A 'cluster' is a set of observations that bunch up together in the coordinate system of measurements. To give a concrete example, let's say that we have a population of objects, and we measure their heights and weights (Figure A). This distribution of observations has clearly visible structure. What can we make of that structure? This data set has six natural clusters, which can also be reasonably grouped into two larger clusters, each containing three smaller clusters.

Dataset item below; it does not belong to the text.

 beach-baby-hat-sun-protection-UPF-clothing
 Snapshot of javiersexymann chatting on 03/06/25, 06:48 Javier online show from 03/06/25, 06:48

I've used the *k-means* clustering algorithm to analyze this data set. The way *k*-means works is to start with a defined number *k* of clusters, drop random cluster centers into the data space, find all the data points that are closest to each center, calculate an average center of mass for each set (*k* averages or *means*), relocate cluster centers to those means, and repeat until the cluster centers converge on final locations. It's rather crude. Figure B shows how we can rationally choose how many clusters to find using a goodness-of-fit measure that has inflection points (marked with asterisks) where 'good' numbers of clusters are discovered. Plots of two and six clusters discovered by *k*-means are shown in Figures C and D, respectively. Colors indicate cluster membership.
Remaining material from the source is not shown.